* How to complete this task: Leaving out the pictures, output the lines from the one that contains "Enceinte du sanctuaire" through the end of the material, exactly as they stand.

------------------------------------------------

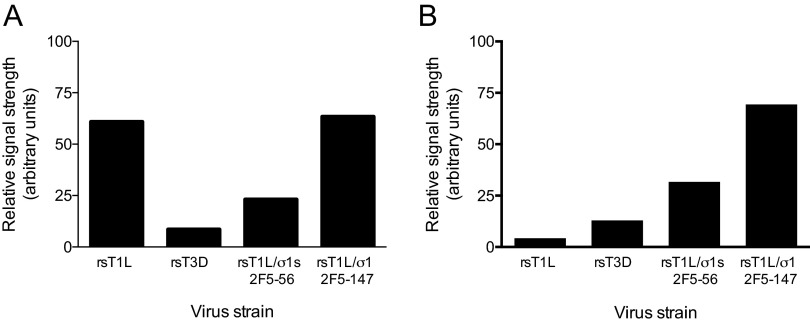 FIG 3 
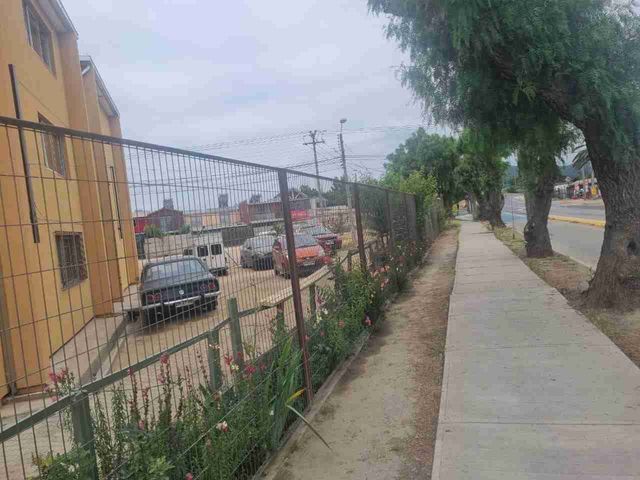 place photo 13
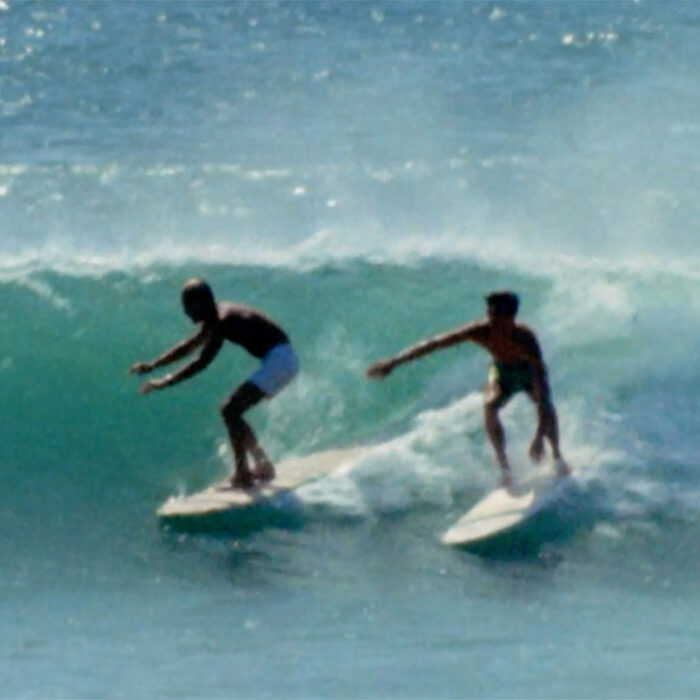 Birth of the Endless Summer film review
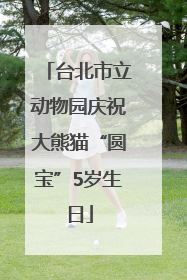 台北市立动物园庆祝大熊猫“圆宝”5岁生日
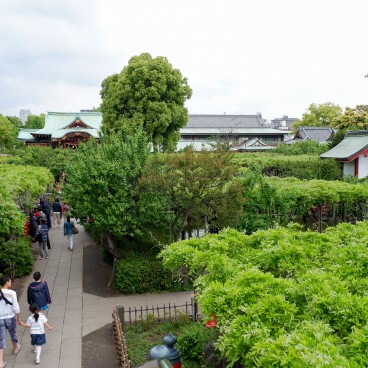 Enceinte du sanctuaire Kameido Tenjin à Tokyo 2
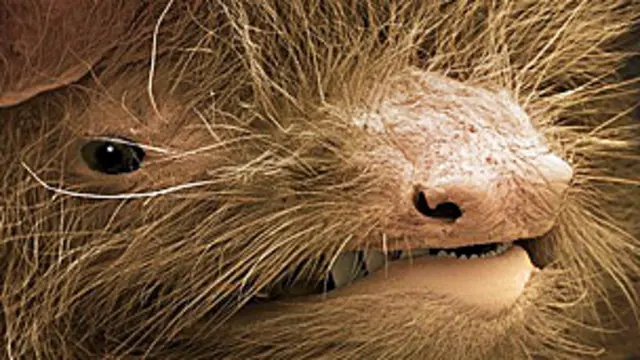 El rostro de un murciélago común visto con un microscopio de electrones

------------------------------------------------

* Result below:
 Enceinte du sanctuaire Kameido Tenjin à Tokyo 2
 El rostro de un murciélago común visto con un microscopio de electrones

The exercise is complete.